**Task prompt:** Repeat what the lines below say, word for word, and skip every image.

**Data shown:**
********************

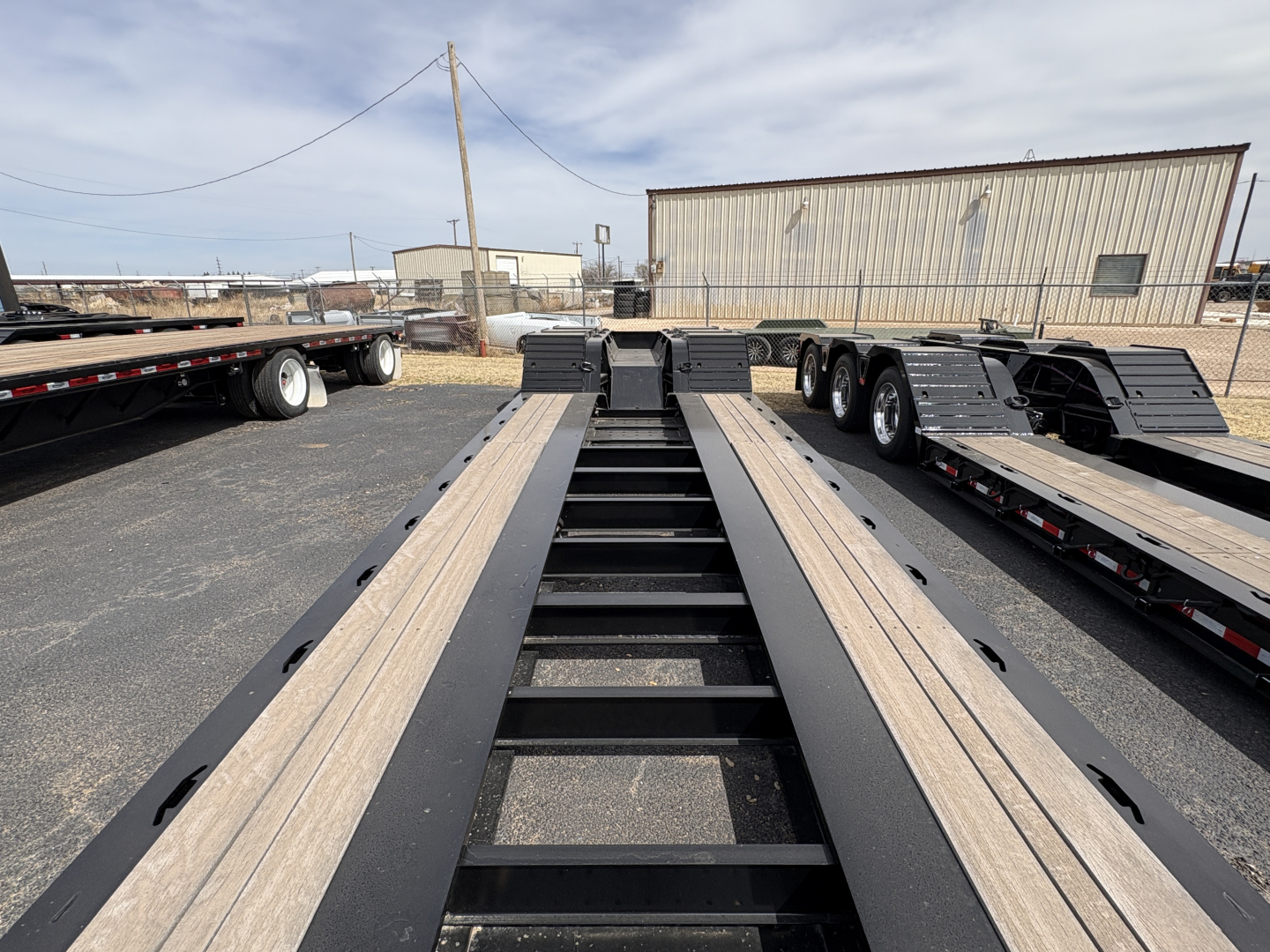 Load King trailer deck showing long lowboy frame with black uprights and light-colored wood deck sections, 9' 18" configuration, industrial yard.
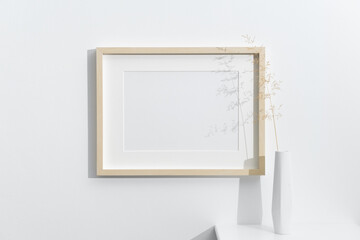 Wall Mural - Wooden landscape frame mockup on white wall with copy space for artwork design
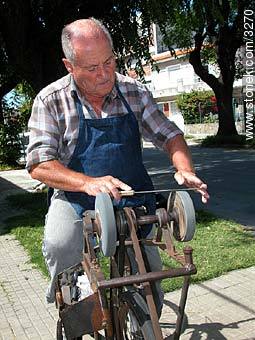 The rear part of the bicycle has the sharpener. - Department of Montevideo - URUGUAY. Photo #3270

********************

**Finished task:**
 Load King trailer deck showing long lowboy frame with black uprights and light-colored wood deck sections, 9' 18" configuration, industrial yard.
 Wall Mural - Wooden landscape frame mockup on white wall with copy space for artwork design
 The rear part of the bicycle has the sharpener. - Department of Montevideo - URUGUAY. Photo #3270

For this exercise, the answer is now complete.